Original question [also provided in the linked question]: Consider a circle of radius one centered at (0,0) and a circle of radius 1/2 centered at (3/2,0). There are three lines that lay tangent to both circles, one is trivial and the other two are reflections of each other. Find the equation of one of the non-trivial lines.
My solution: I seek the equation of the line with a negative slope (laying atop the two circles).
part 1: When I look at a graph of the two circles and the tangent line, I am curious what is this lines $x-$ intercept? I imagine; what if there were more shrinking circles instead of just the first two - another with radius 1/8, 1/16, 1/32... each touching the one before it in a single point. This would look like this (though with the circles continuing indefinitely):
Each of these circles should also lay tangent to the solution line, and the total sum of the length of the circles in the positive $x$ direction should be converging to the intercept.
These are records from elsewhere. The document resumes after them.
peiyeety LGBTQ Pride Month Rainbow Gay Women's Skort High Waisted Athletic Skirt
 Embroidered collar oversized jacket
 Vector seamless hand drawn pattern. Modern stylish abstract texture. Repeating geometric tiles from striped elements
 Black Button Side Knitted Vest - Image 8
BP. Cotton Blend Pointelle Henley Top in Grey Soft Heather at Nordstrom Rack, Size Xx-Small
This length is easily found to be $$1+2 \cdot \sum_{k = 1}^{\infty} \left(\frac{1}{2}\right)^k = 3. $$
part 2: An equation for a line that lies tangent to the first circle at an arbitrary point in the first quadrant can easily be found to be $$f_a(x) = \frac{1-ax}{\sqrt{1-a^2}}.$$
Using the intercept from part 1 we can solve to yield $a = 1/3$ which allows us to determine the equation of the line.
How can I rigorously justify that the sum of the length of the circles will converge to the intercept of the line?